The only way a positive weighted sum of two squares can equal $0$ is if (because $F$ is ordered) both squares are $0$, so that means either $d=0$ or $3p/2+d=0$ and $p=0$, in which case $d=0$ anyway.

Thus $p^3=q^3$ if and only if $p=q$, hence $x^3-b=0$ has at most one solution for any $b$ (it may have no solutions).

There are probably simpler ways to prove this, but you will have to rely on the fact that the field $F$ is ordered. It's sufficient to prove that $f(x)=x^3$ is strictly monotonic.

Answer 3

You offer no justification for your claim that $b^{1/3} = c^{1/3} \implies b = c$.
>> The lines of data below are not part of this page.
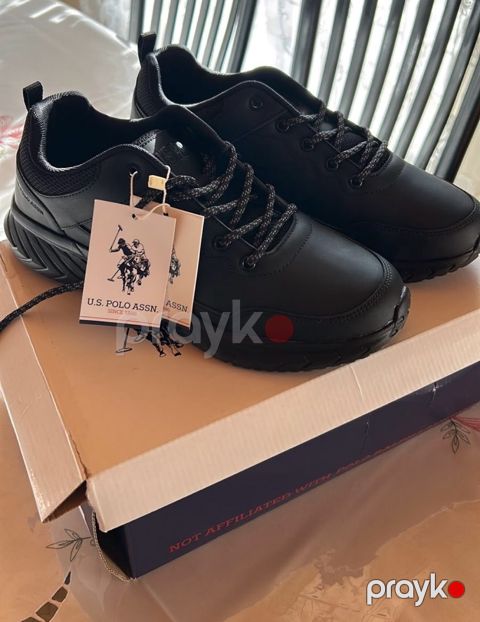 US Polo Assn ayaqqabı — Bakı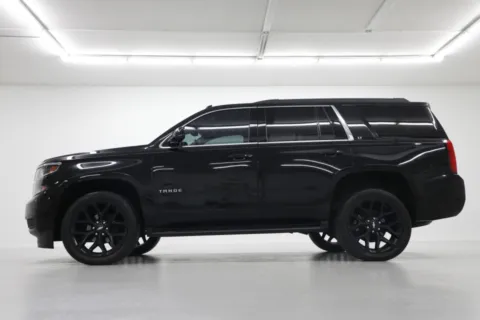 Another view of 2020 Chevrolet Tahoe LT for sale in Clinton, MO at Jim Falk Motors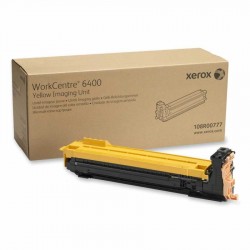 Xerox 108R00777 Yellow Original Drum Unit - Phaser 6400 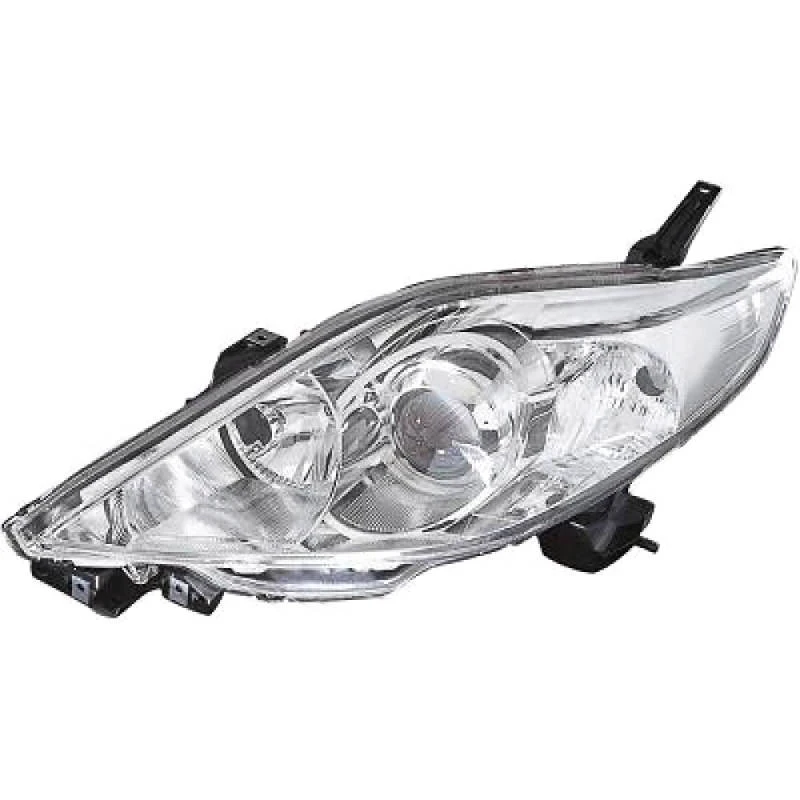 Image of DIEDERICHS 5681081 Headlights H7, Left Headlight (259)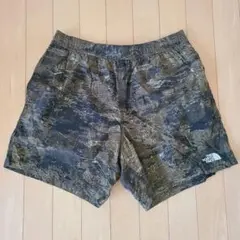 THE NORTH FACE バーサタイルショーツ　XL　迷彩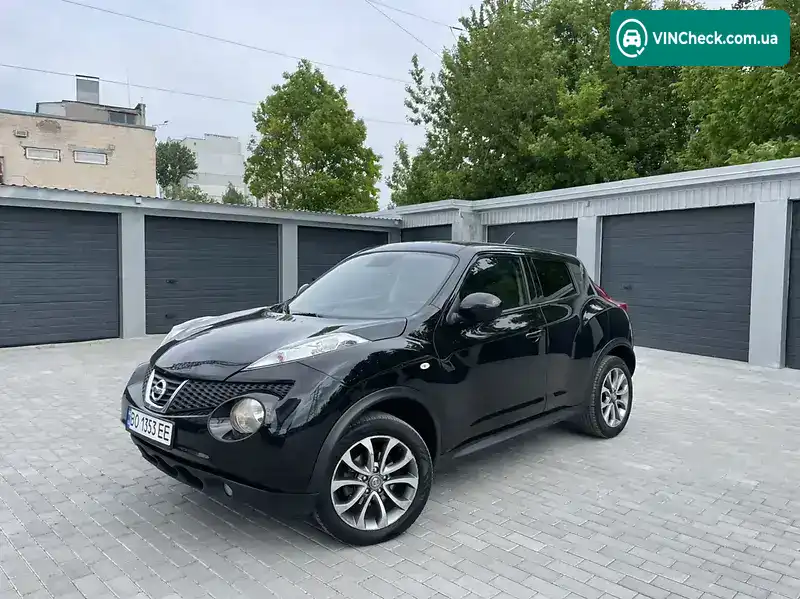 Nissan Juke 2013, фото з оголошення 2 з 20, VIN SJNFCAF15U6443159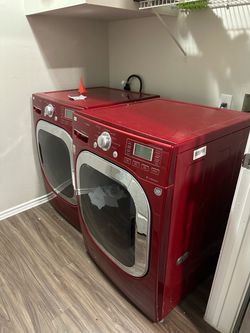 Samsung Washer and Dryer good working condition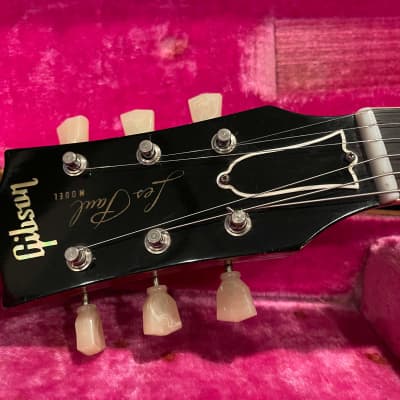 Gibson Les Paul Standard - 1959 - Burst image 6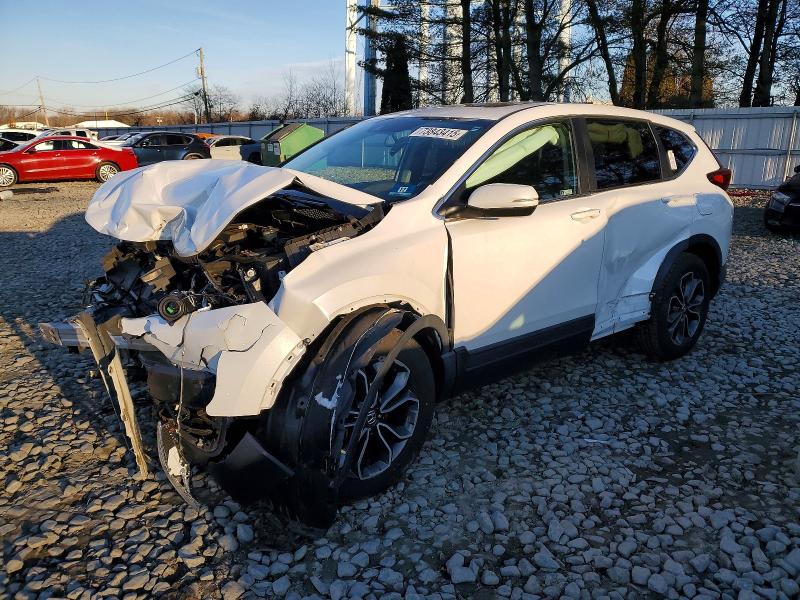 Фото 1 - HONDA CRV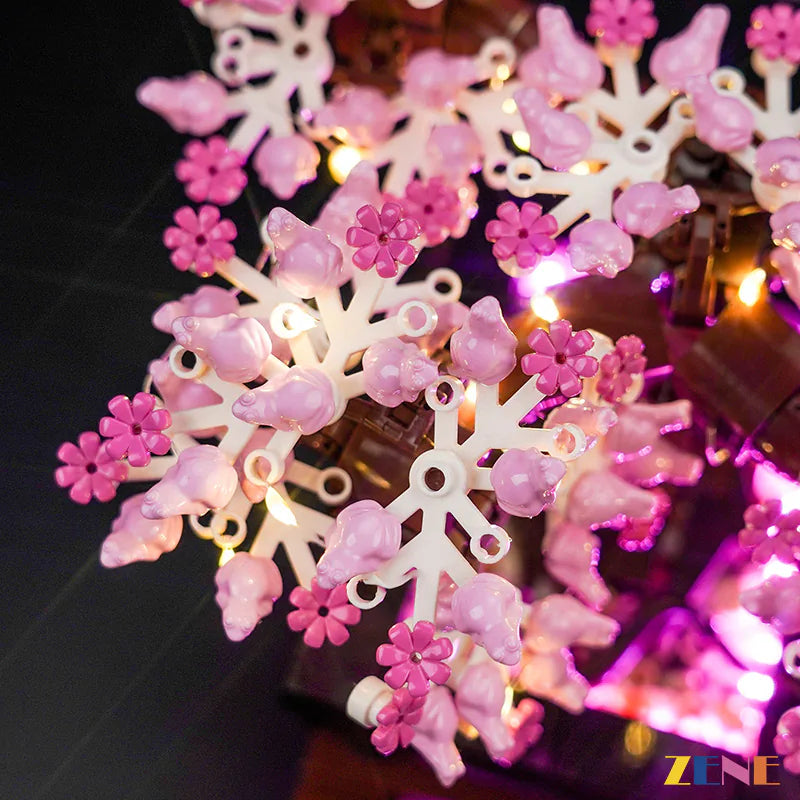 LEGO Light Kit for Bonsai Tree 10281 Upgraded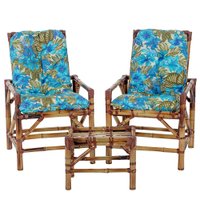 2 Cadeiras Cancun - 1 Mesa Cancun G35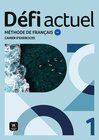Buchcover Défi actuel 1 A1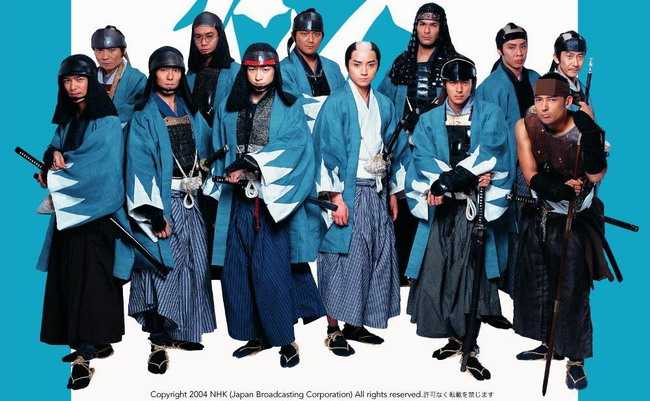 日本武士穿的服装有什么讲究? - 知乎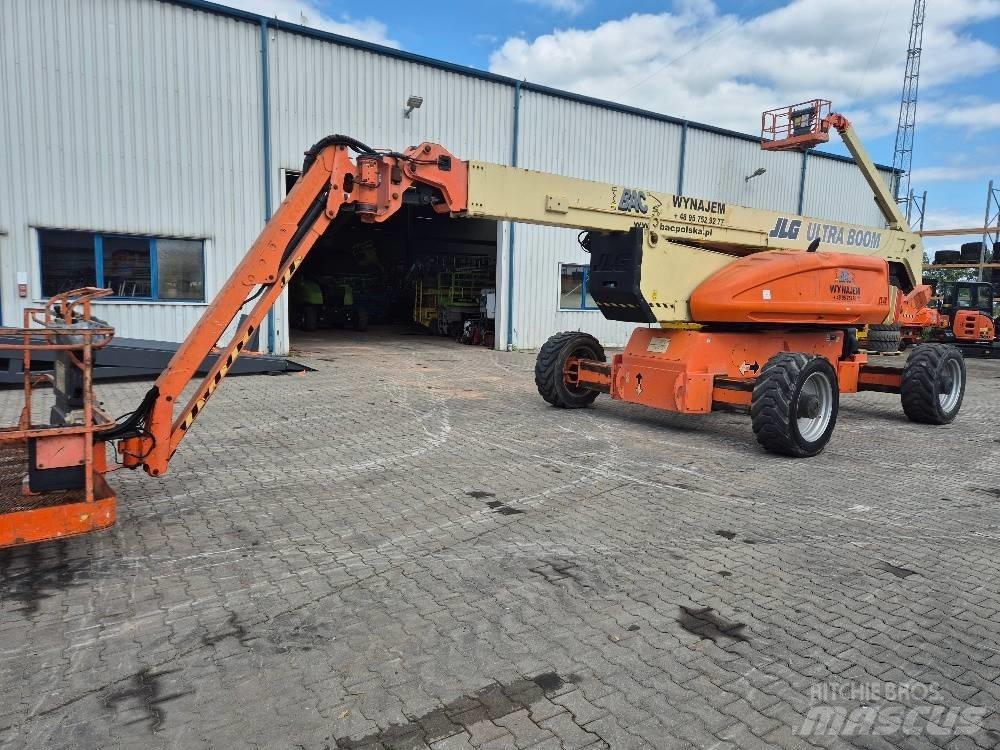 JLG 1250 AJP 曲臂高空工作平台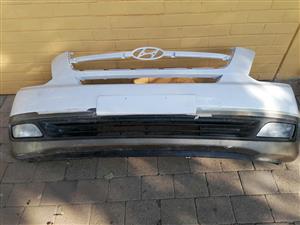 Hyundai H1 Bumper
In essence, that's what the problem requires you to prove.

As an indication that your proof is not valid, note that you never used the hypothesis that $F$ is an ordered field.

Thus, let $F$ be an ordered field, and suppose $x,y\in F$ are such that $x^3=y^3$.

We want to show $x=y$.

If $x=0$, then $x^3=0$, so $y^3=0$, hence $y=0$, so $x=y$.

Similarly, if $y=0$, then $y^3=0$, so $x^3=0$, hence $x=0$, so $x=y$.

Thus suppose $x,y\ne 0$, and assume $x\ne y$.

Our goal is to derive a contradiction.

\begin{align*} \text{Then}\;\;& x^3=y^3 \\[4pt] \implies\;& x^3-y^3=0 \\[4pt]\implies\;& (x-y)(x^2+xy+y^2)=0 \\[4pt] \implies\;& x^2+xy+y^2=0 \\[4pt] \implies\;& 4x^2+4xy+4y^2=0 \\[4pt] \implies\;& (4x^2+4xy+y^2)+3y^2=0 \\[4pt] \implies\;& (2x+y)^2+3y^2=0 \\[4pt] \end{align*} conradiction, since $(2x+y)^2 \ge 0$ and $3y^2 > 0$.